2. Follow events in Europe, which may be poised for revival.
Investors in Europe have had little reason for optimism for some time. But we expect European growth to accelerate this year given solid domestic demand. Valuations look attractive relative to history, although political and trade risks linger. China’s efforts to stimulate its own growth could help export-heavy economies, such as Germany.
3. Keep an eye on reform progress in Brazil.
Brazilian assets have under-performed the broad emerging market index this year, despite signs that economic growth is accelerating and earnings prospects remain intact. Instead, investors are focused on the negotiations around pension reform. We expect volatility around the negotiations to continue until reform is enacted. Overall, we still favor emerging markets, however.
4. With the return of the benign regime, consider quality, intermediate-term fixed income spread assets.
The Federal Reserve’s rate hike pause has benefited fixed income sectors and assets across the board. Given the market expects rates to remain contained this year, these seemingly benign conditions could last for some time. In this environment, we favor quality, intermediate-term fixed income spread assets, such as agency MBS and high-grade corporates.
5. Relative strength leads us to upgrade the quality factor.
Our factor-tilting model examines multiple metrics including relative strength, which uses a simple measure of 12-month price momentum to determine the trending behavior of each factor and compare market sentiment in one factor versus the others. We’ve upgraded quality from neutral to overweight while downgrading minimum volatility and momentum.
By most metrics this has been a remarkable year for investors. Stocks are up more than 15%, their best start in decades. Nor is it just stocks. The risk-adjusted return (Sharpe Ratio) on a typical stock/bond portfolio is producing similarly spectacular results. But while the magnitude of year-to-date returns is clearly abnormal, in another sense 2019 resembles the post-crisis norm: U.S. equities are outperforming the rest-of-the-world (ROW).
As has been the case in previous years, the out-performance of U.S. stocks over most other markets is being driven by a mix of better earnings growth and relentless multiple expansion (see Chart 1). Since 2010, the S&P 500 Index has outperformed (on a price basis) the MSCI ACWI ex-U.S. Index by an average of 70 basis points (bps) a month, a statistically significant difference.
While investors have become accustomed to this state of affairs, it was not always the case. In the period between 1990 and the end of 2009, the return differential between U.S. and non-U.S. equities was much smaller. During that period the average monthly performance spread was 22 bps, the median, which is less influenced by extreme observation, an even more insignificant 8 bps.
All of this raises the question: Why have U.S. stocks been perennial out-performers since the financial crisis? There are many potential explanations, but one simple one is profitability.
During the “aughts” decade, the average spread in profitability, measured by the return-on equity (ROE) between the S&P 500 Index and the MSCI ACWI-ex-U.S. Index was roughly 1.5%. Not only was the spread relatively narrow, but those years witnessed a prolonged period, leading up to and including the financial crisis, when profitability was higher outside of the United States.

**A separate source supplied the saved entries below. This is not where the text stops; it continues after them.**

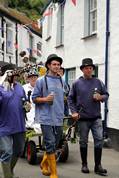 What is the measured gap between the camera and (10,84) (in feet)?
24.8

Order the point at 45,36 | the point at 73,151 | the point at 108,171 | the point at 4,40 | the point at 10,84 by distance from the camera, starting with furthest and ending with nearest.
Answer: the point at 4,40, the point at 45,36, the point at 73,151, the point at 108,171, the point at 10,84

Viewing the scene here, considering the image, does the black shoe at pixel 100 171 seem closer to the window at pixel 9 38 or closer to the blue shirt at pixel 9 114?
the blue shirt at pixel 9 114

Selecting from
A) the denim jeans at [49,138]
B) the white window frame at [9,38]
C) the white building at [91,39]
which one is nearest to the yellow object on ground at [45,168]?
the denim jeans at [49,138]

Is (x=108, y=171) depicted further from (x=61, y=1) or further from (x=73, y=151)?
(x=61, y=1)

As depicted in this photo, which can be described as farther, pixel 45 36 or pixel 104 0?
pixel 45 36

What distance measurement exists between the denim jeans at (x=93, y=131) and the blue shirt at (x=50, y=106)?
88 cm

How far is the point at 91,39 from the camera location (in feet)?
47.3

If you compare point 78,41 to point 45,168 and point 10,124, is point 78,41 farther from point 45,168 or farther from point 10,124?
point 10,124

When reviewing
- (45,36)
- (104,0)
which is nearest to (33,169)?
(104,0)

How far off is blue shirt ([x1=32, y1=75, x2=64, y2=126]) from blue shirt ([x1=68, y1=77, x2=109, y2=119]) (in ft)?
2.59

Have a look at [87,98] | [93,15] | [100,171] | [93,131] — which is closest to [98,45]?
[93,15]

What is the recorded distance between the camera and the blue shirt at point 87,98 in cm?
888

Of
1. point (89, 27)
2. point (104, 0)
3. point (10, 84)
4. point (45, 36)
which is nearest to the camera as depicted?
point (10, 84)

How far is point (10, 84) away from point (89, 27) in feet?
25.7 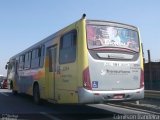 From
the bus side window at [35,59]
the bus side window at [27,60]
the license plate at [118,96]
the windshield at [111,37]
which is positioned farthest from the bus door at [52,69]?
the bus side window at [27,60]

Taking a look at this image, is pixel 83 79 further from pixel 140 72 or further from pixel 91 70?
pixel 140 72

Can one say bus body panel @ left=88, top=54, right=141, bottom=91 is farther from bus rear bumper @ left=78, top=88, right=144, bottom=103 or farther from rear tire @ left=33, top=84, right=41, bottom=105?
rear tire @ left=33, top=84, right=41, bottom=105

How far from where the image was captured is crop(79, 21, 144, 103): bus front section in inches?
494

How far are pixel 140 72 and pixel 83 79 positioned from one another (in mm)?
2460

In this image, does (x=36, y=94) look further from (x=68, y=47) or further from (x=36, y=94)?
(x=68, y=47)

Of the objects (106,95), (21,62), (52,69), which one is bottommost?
(106,95)

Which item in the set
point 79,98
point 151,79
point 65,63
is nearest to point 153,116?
point 79,98

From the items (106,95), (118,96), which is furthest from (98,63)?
(118,96)

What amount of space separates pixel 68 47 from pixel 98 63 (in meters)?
1.64

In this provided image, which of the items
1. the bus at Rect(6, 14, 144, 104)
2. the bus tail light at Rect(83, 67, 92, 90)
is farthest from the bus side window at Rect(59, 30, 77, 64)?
the bus tail light at Rect(83, 67, 92, 90)

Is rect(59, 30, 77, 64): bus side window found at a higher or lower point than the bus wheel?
higher

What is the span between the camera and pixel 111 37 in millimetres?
13258

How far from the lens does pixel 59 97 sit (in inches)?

Things have changed post-crisis. Since the beginning of 2010 the average ROE spread between the two indexes has widened to 3.7%. Just as important, since the start of the decade, there has not been a single month when U.S. corporate profitability was below the ROW. Put differently, not only have U.S. companies been significantly more profitable than their non-U.S. counterparts, but excess U.S. profitability has been consistently more reliable in the post-crisis environment.
Faster growth the key
Why this should be the case is not hard to understand. U.S. growth, while below the pre-crisis norm, has been consistently faster than Europe and Japan, particularly when you compare nominal growth, i.e. the rate of growth before adjusting for inflation. Faster growth supports higher operating leverage.
The U.S. is also increasingly home to the world’s marquee companies in technology and communications, companies that tend to be consistently more profitable than the broader market. A quick example illustrates the point. The top three companies in the S&P 500 are Microsoft, Apple and Amazon. Their average ROE is 39%. By contrast, the top three companies in Europe–Total, SAP and LVMH–have an average ROE of 14%. Perhaps it’s not such a mystery why U.S. companies, despite materially higher valuations, continue to outperform.
Understanding how women think about investing is critical for the future of retirement. Women are on their way to holding the majority of wealth1, they stand to inherit 70% of the $1T intergenerational wealth transfer2, they’re the breadwinner (or co-breadwinner) in 60% of households3, they’re starting businesses at twice the rate of men4–the list goes on.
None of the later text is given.